- _Activity_: Beginning at the line with "かすみ profil fotoğrafı", please repeat each line exactly through the end of the records below, including that first line and the last, but no pictures.

- _Data to examine_:
________________
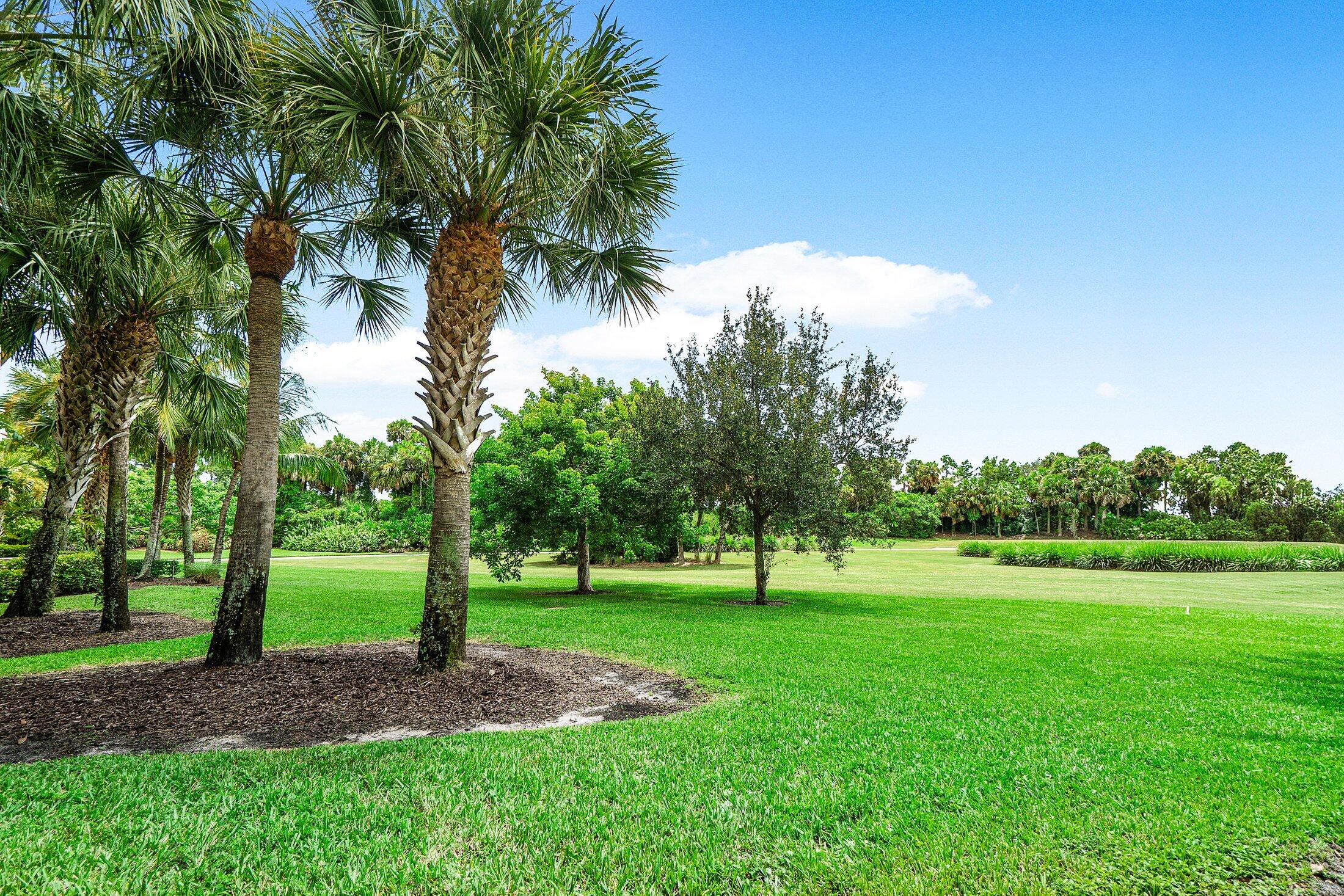 274 Tresana Boulevard 132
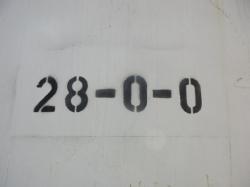DR-3971 (6)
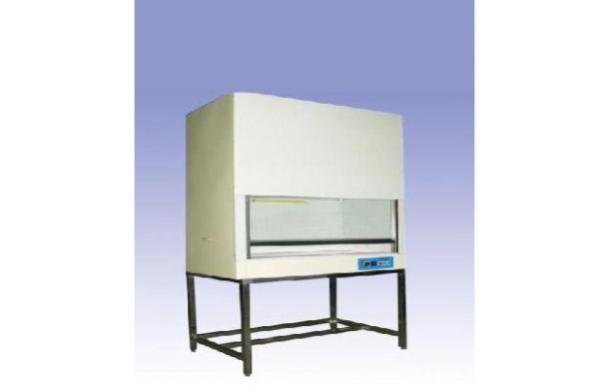 無菌無塵操作台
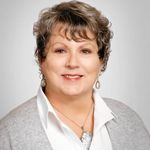 Tammy Dawn Senter - @sentertammydawn - Instagram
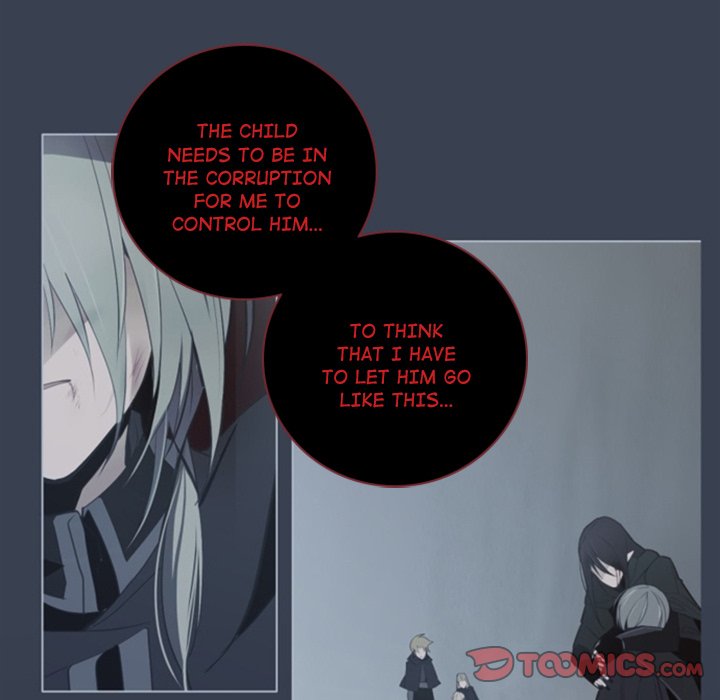 ANZ - Chapter 48 [photo 48] - MangaPorn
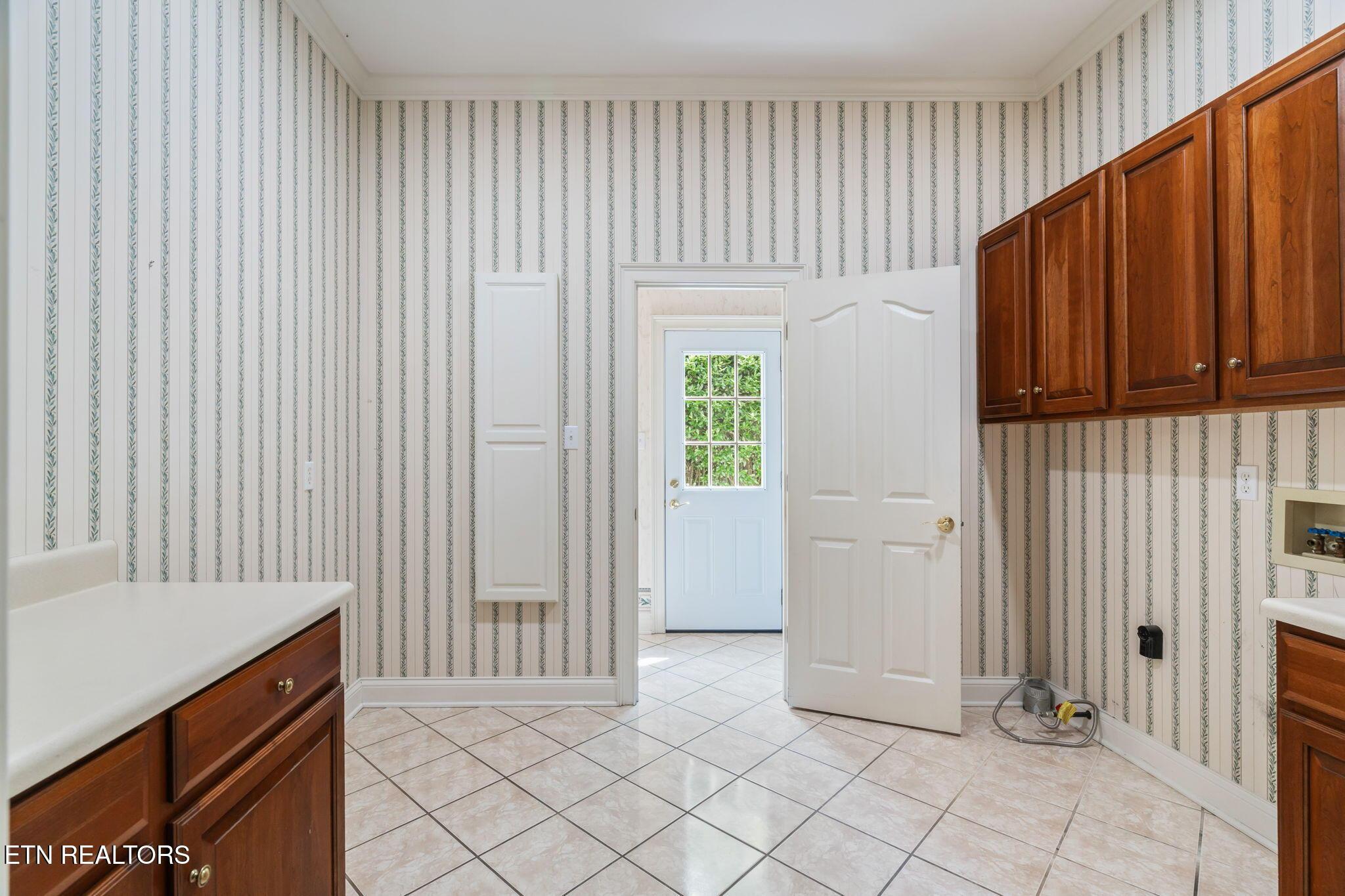 920 Harbor Pointe Way Way, Knoxville, TN - Fort Loudoun and Tellico Lake Real Estate - Image# 32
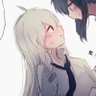 かすみ profil fotoğrafı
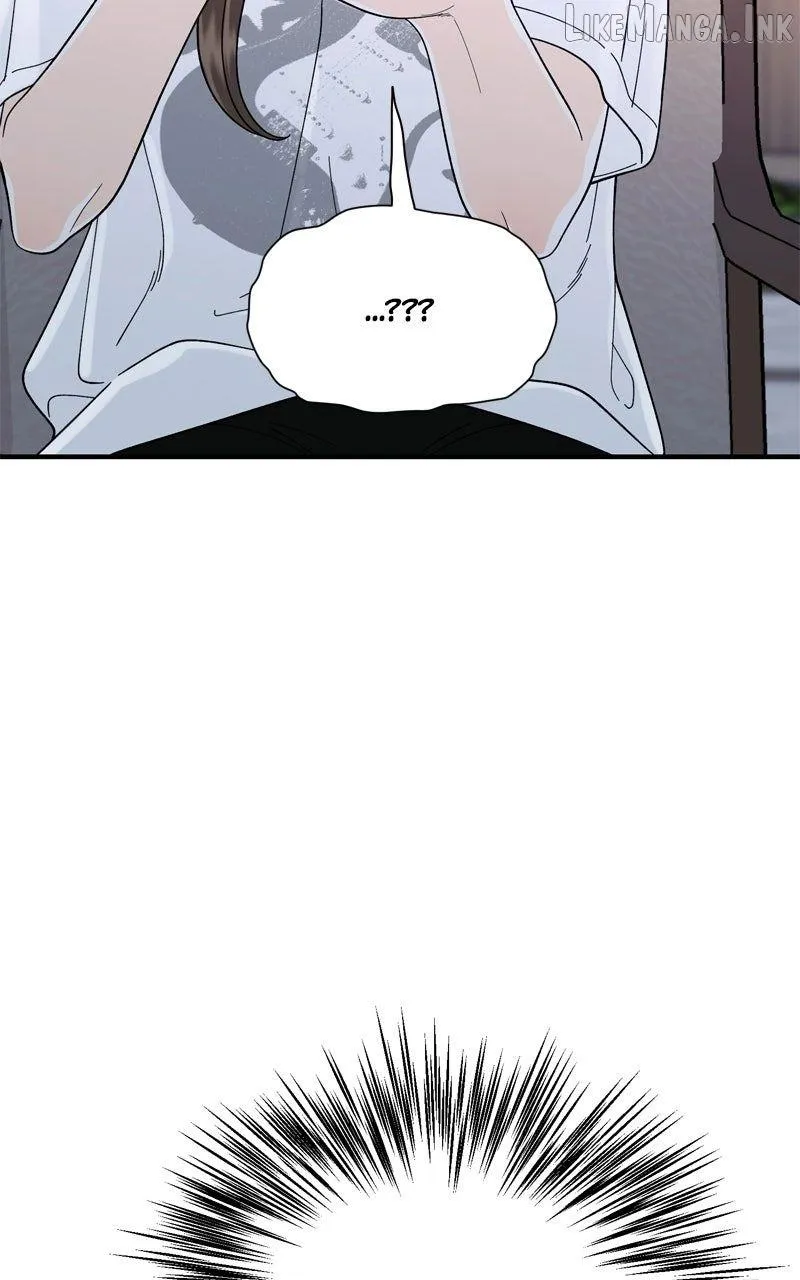 Read The Symbiote Circuit chapter 9 image 86 on Lezhin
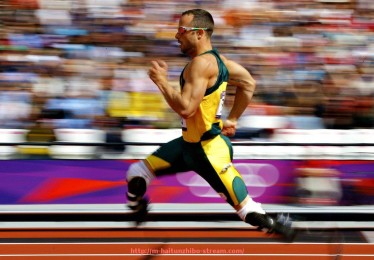 海豚直播-世俱杯历史球队比赛进攻效率统计与领先优势解读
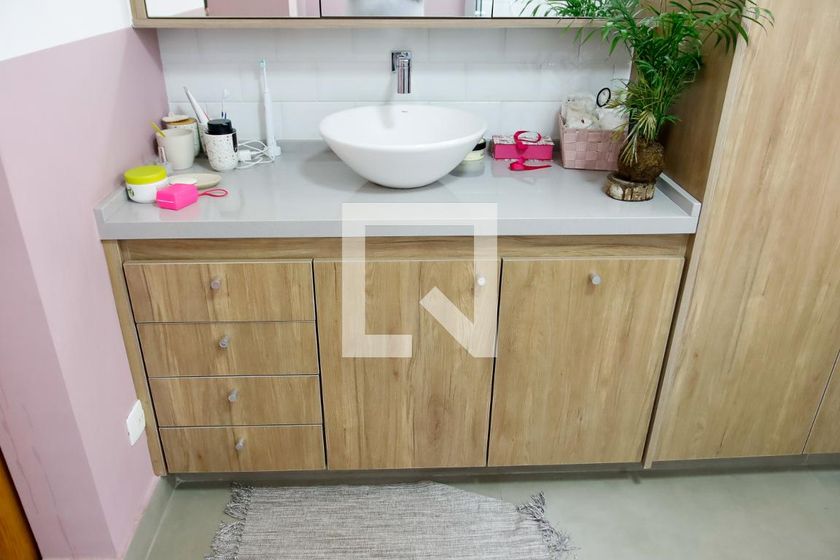 Apartamento, 3 quartos, 106 m² - Foto 21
________________
- _Answer space_:
 かすみ profil fotoğrafı
 Read The Symbiote Circuit chapter 9 image 86 on Lezhin
 海豚直播-世俱杯历史球队比赛进攻效率统计与领先优势解读
 Apartamento, 3 quartos, 106 m² - Foto 21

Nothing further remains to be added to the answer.